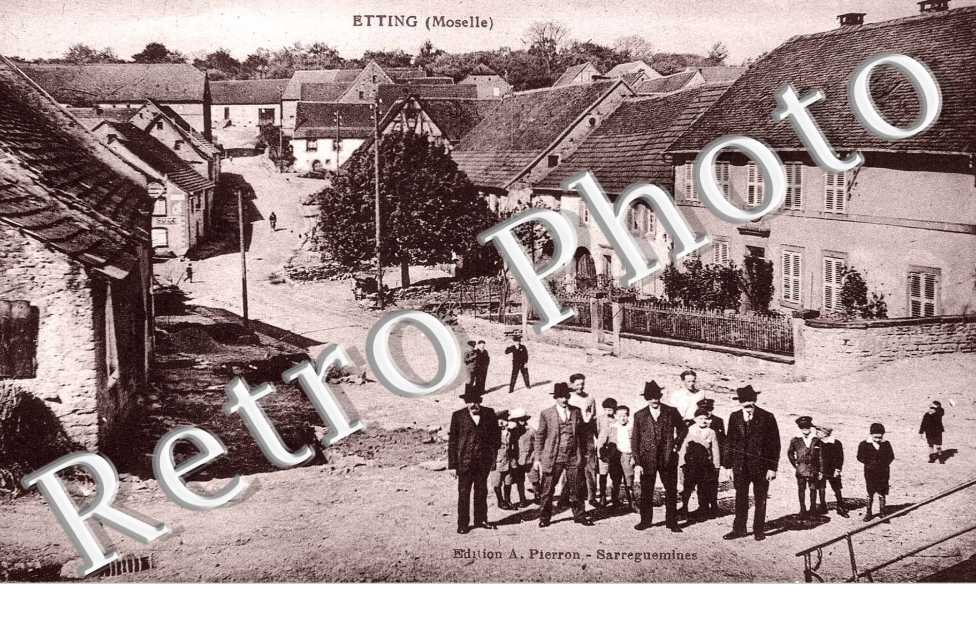 (vue interieure)
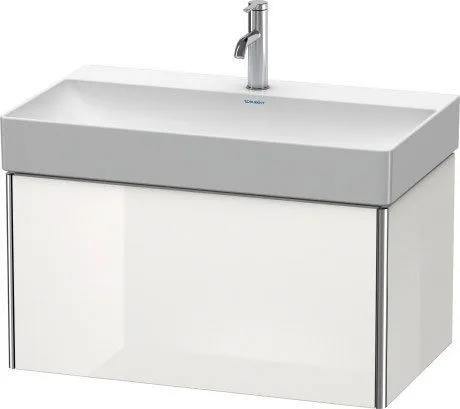 Тумба XSquare Duravit 784 x 460 мм (без раковины) XS406208585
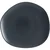 BONNA Graphite plitev organski krožnik, o: 290 mm (6 kos)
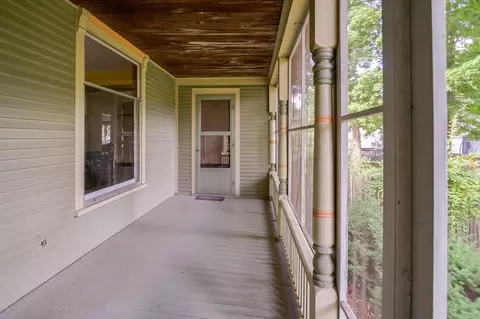 115 Elm St, Mason, MI 48854 photo 39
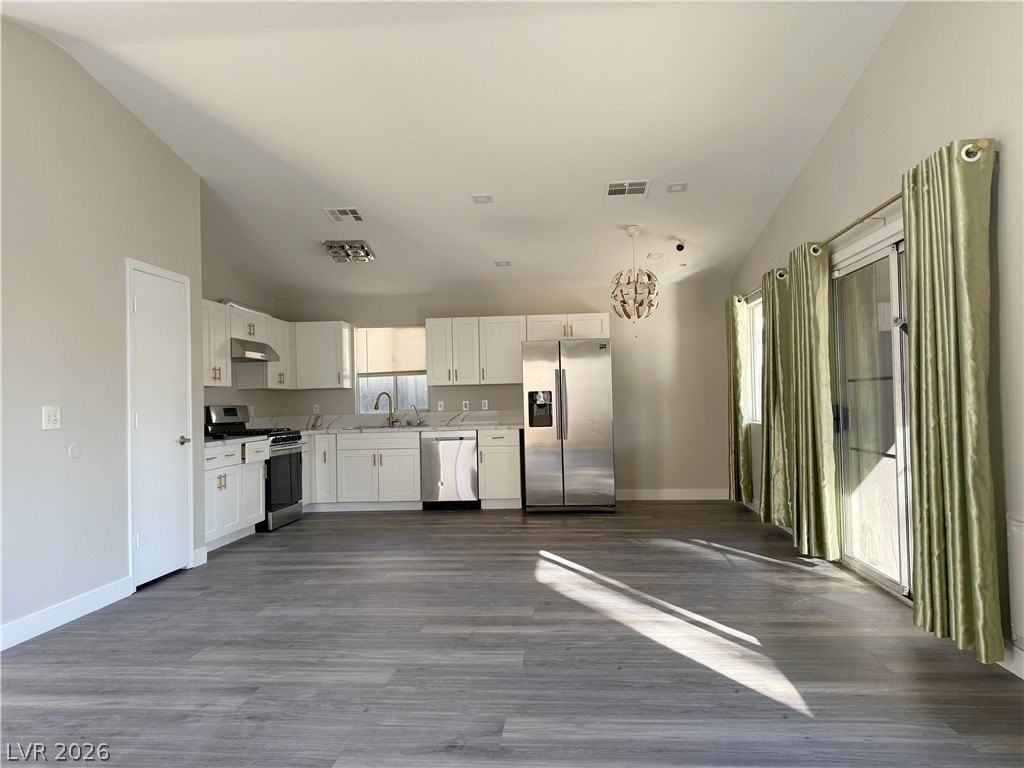 9362 Santa Fe Rose St - Photo 2 of 30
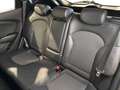 Hyundai iX35 - ix35 1.7 crdi Xpossible 115cv 2wd Bianco - thumbnail 9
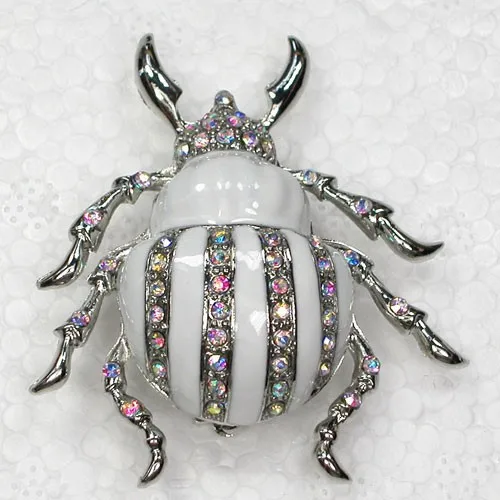 Женская эмалированная брошь в форме жука C643 F|pin brooch|beetle pinenamel pin brooch |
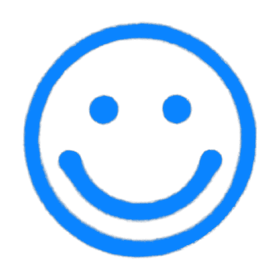 Un sourire
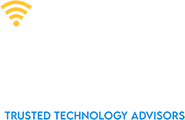 Trusted Internet Providers in Dallas and Pensacola | InternetNerdz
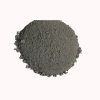 Mn metal powder CAS 7439-96-5 manganese powder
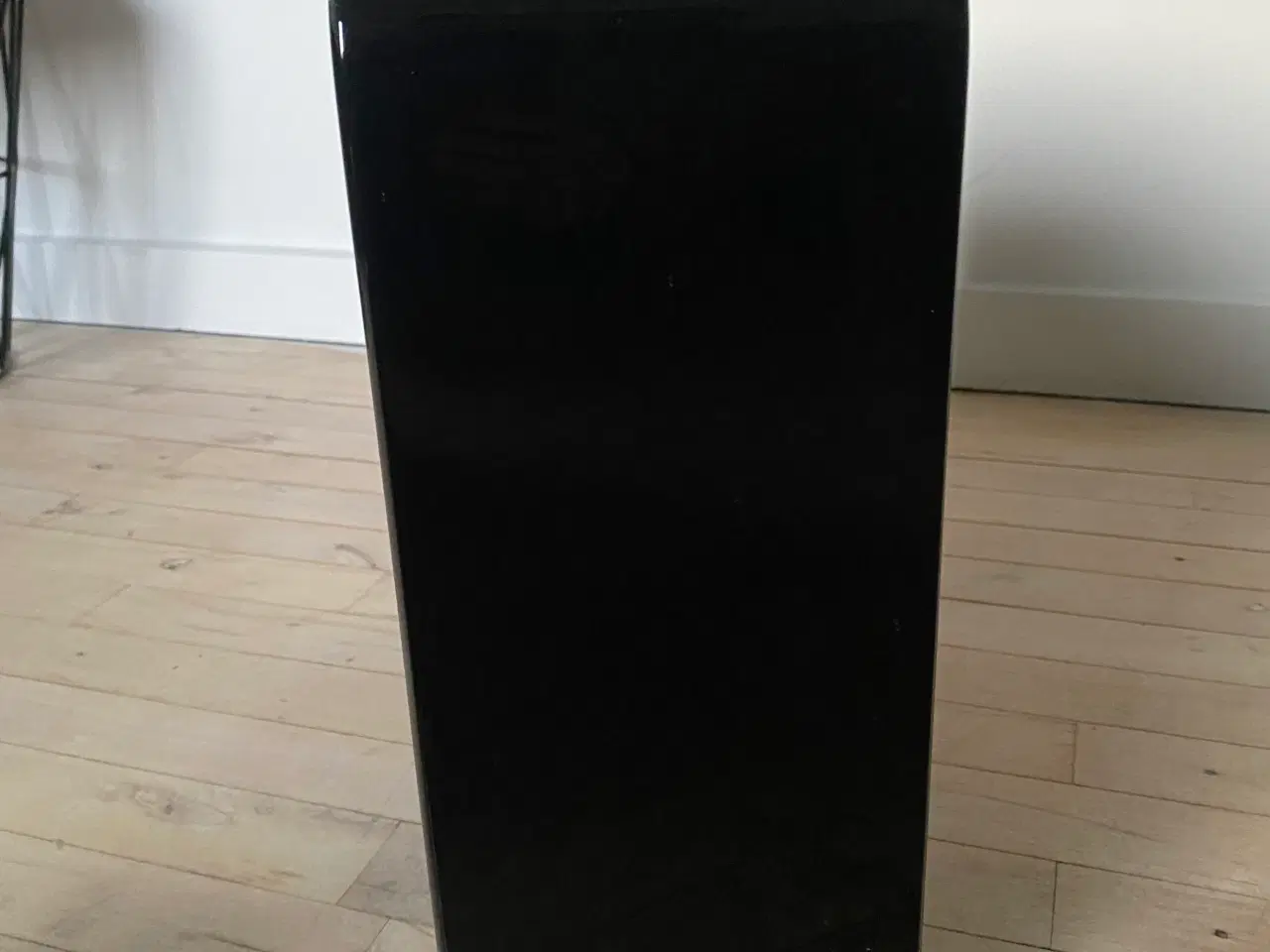 Billede 4 - Sonos Sub G2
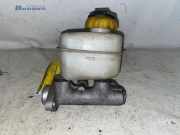 Pumpe ABS Daewoo Nubira Wagon J100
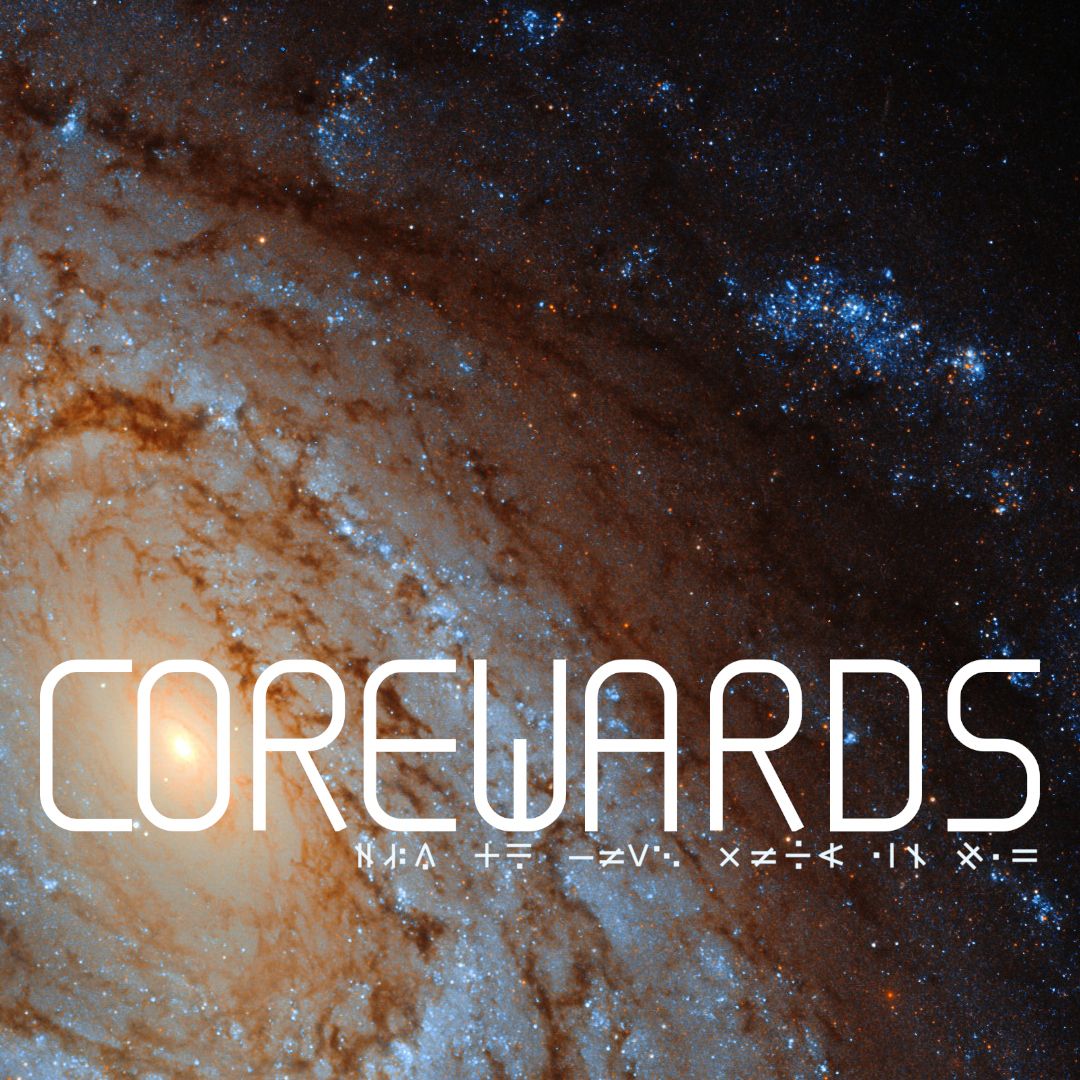 COREWARDS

_Task directions_
Your answer should consist solely of the lines from the one holding "Billede 4 - Sonos Sub G2" through the end of the listing, reproduced exactly and without pictures.

_The answer_
 Billede 4 - Sonos Sub G2
 Pumpe ABS Daewoo Nubira Wagon J100
 COREWARDS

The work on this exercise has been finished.